__PROBLEM TO WORK ON__
Retype, word for word, the line holding "an older man" and each line after it down to the end of the data; pictures are not copied.

........

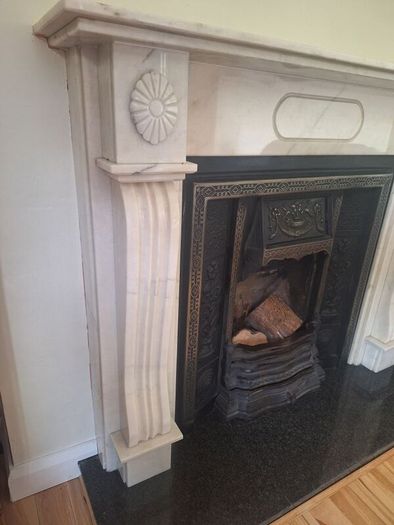 Castiron fireplace and surround plus marble mantlepiece and black stone heart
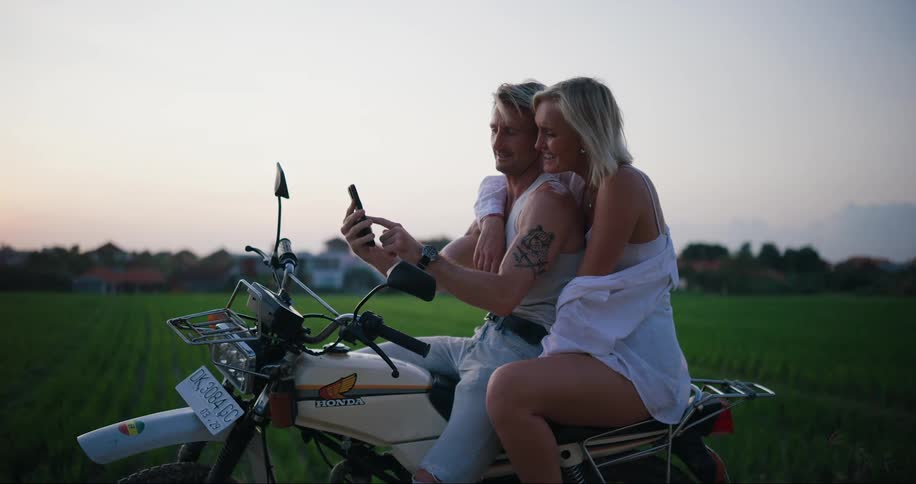 A woman laughs while holding on to a man on a motorcycle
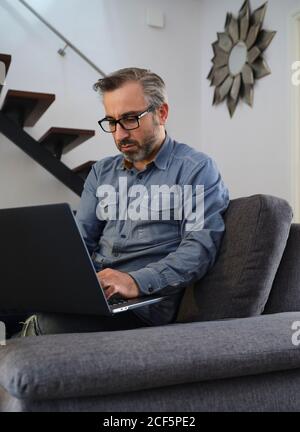 Serious man using laptop surfing the internet alone on the couch in the living room at home Stock Photo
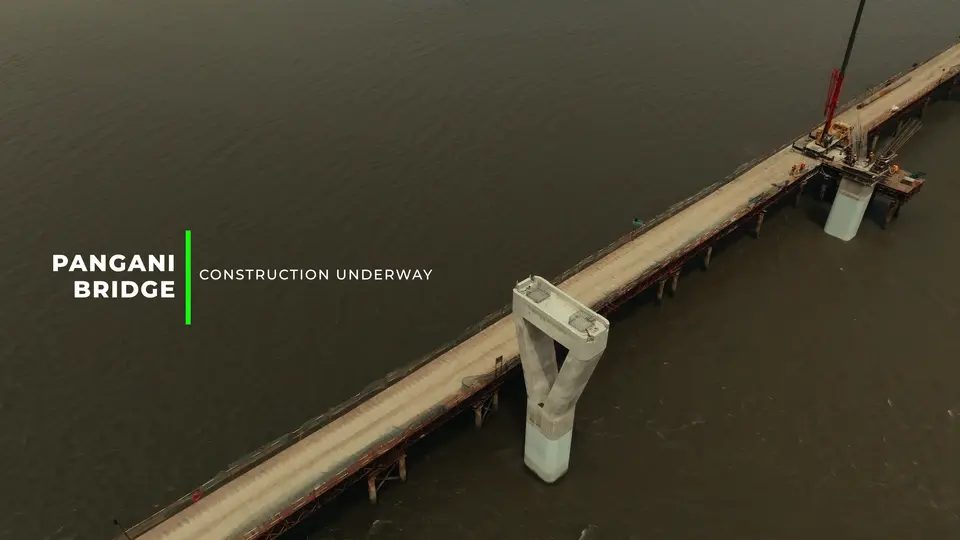 A partially constructed bridge spans over a wide river, with a crane positioned on the structure.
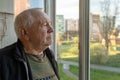 Portrait of a sad elderly man looking out the window at home. Lonely elderly man looking out the window Royalty Free Stock Photo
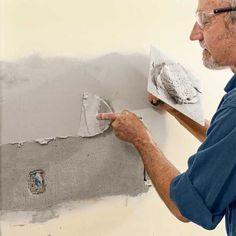 an older man is painting the wall with gray paint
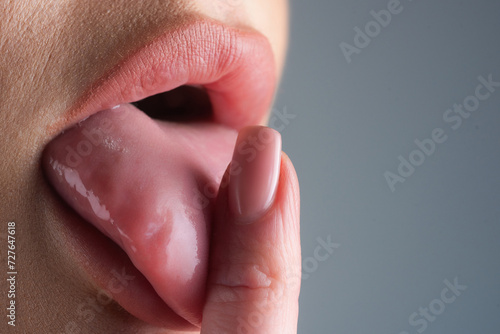 Tongue out licking finger with nails manicure. Closeup of female sticking tongue out. Macro tongue lick finger. Close up of woman mouth with tongue. Sexy tongues. Sensual finger lick.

........

__WRITTEN RESPONSE__
 an older man is painting the wall with gray paint
 Tongue out licking finger with nails manicure. Closeup of female sticking tongue out. Macro tongue lick finger. Close up of woman mouth with tongue. Sexy tongues. Sensual finger lick.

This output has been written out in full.